>>>
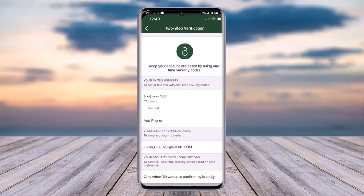First of all, you have to access your TD Bank mobile banking app. Once you have done so, you will be able to access the home section. From there, you have to access the My Profile section of your app.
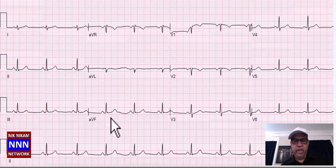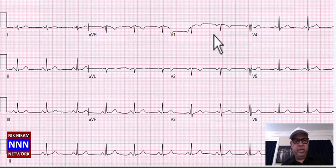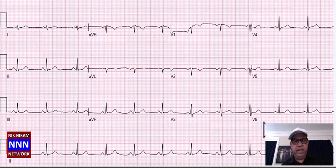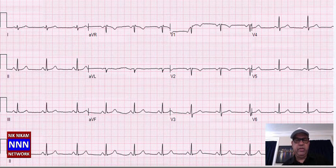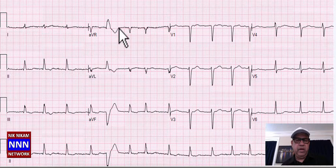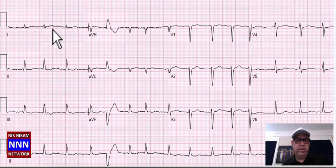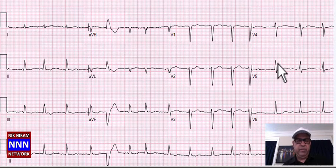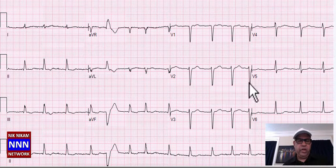We have sinus rhythm, nice, at 68 per minute. This is a 35-year-old female patient — T-wave inversion V1, V2 is a normal finding. Otherwise nothing really spectacular.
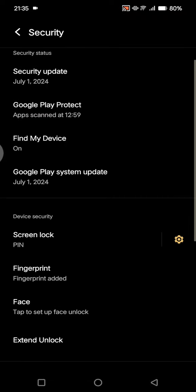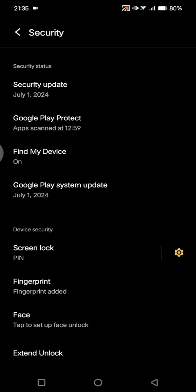After this, just tap on OK and just like that, the mobile pattern lock will be removed automatically.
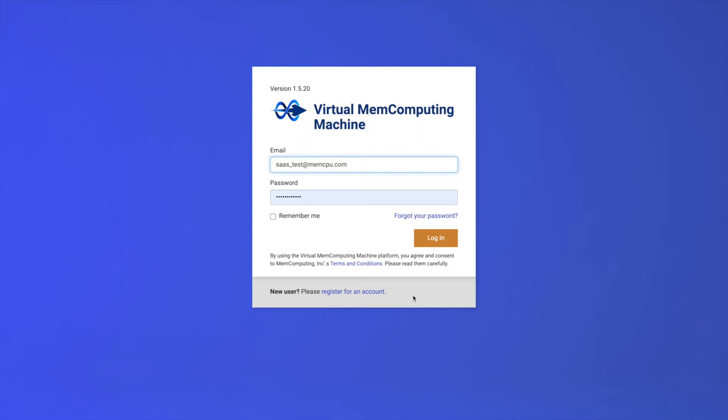Hello, and welcome to the first tutorial of the Virtual MemComputing Machine SaaS platform. This is a demonstration of the web interface and the basic usage of MemComputing as a software as a service. This is the login page where users can enter their username and password to login to the user interface of MemComputing.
<<<
◆ What is needed
In your copy of the material, match every word exactly and include no pictures.

◆ Reply
First of all, you have to access your TD Bank mobile banking app. Once you have done so, you will be able to access the home section. From there, you have to access the My Profile section of your app.
We have sinus rhythm, nice, at 68 per minute. This is a 35-year-old female patient — T-wave inversion V1, V2 is a normal finding. Otherwise nothing really spectacular.
After this, just tap on OK and just like that, the mobile pattern lock will be removed automatically.
Hello, and welcome to the first tutorial of the Virtual MemComputing Machine SaaS platform. This is a demonstration of the web interface and the basic usage of MemComputing as a software as a service. This is the login page where users can enter their username and password to login to the user interface of MemComputing.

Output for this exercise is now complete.